Administering pre-employment tests as part of the hiring process can drive meaningful improvements in your company’s performance. These bottom-line benefits of testing explain why more than 80% of the Fortune 500 now use pre-employment testing as part of their hiring process.
Personality, aptitude and skills tests, or a combination thereof, can yield valuable insights into a candidate’s behavioral tendencies, problem-solving ability, and job-related competencies. By using professionally developed, validated testing instruments you are adding objective, data-driven metrics to your hiring process.
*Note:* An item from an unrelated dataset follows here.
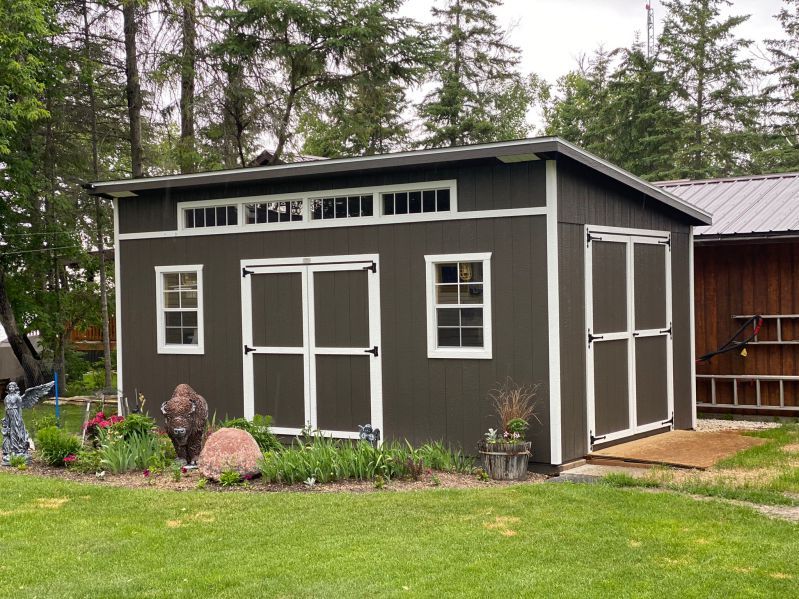 12x16 Urban Shed Castlemore Siding. cover photo 12x20 Urban Style Smokehous Gray Siding White Trim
No test is a perfect predictor, however, and besides being aware of the benefits of pre-employment testing, it is just as important that you not expect that tests will eliminate hiring mistakes altogether.
This is why when we first speak with customers, we try to establish realistic goals and expectations for a pre-employment testing program. Specifically, what kind of results should you expect from using pre-employment tests? Using tests should drive incremental improvements in your hiring results, and minimize the risk of bad hires. It should also dramatically streamline your hiring process, and translate into demonstrable improvements in your business by reducing turnover, lowering hiring and training costs, and improving productivity.
It is, however, just as important to be realistic and realize what you should NOT expect from pre-employment testing. Tests are NOT a crystal ball, unfortunately. Anyone who tells you otherwise is lying. When you see testing companies say things like, “Never make a bad hire again” or advertise 99.9% accuracy, it means they are either ignorant of how the science behind testing works, or misrepresenting it to sell you their tests—either way run, don’t walk, in the opposite direction. Incorporating tests into your hiring process does not mean you’ll never make another bad hire, only that you will make fewer of them. Some people who don’t test well may be great employees, and some that test well may be terrible employees. On the other hand, research shows that tests are significantly more accurate and reliable as predictors than resumes or interviews. Still, there is no selection methodology that will be 100% accurate in predicting performance.
That’s why we always recommend that tests should be only one element of a comprehensive set of criteria you use to evaluate applicants. Sure, you can use tests at the top of the process to screen out employees who aren’t a good fit, but ultimately, organizations that use tests are making their final decisions based on many factors, of which tests should be an important component. A good way to look at it is this: no matter how well developed a test is, you should not try to outsource your hiring decisions to a testing company. You should expect tests to streamline and improve your hiring process, not replace it.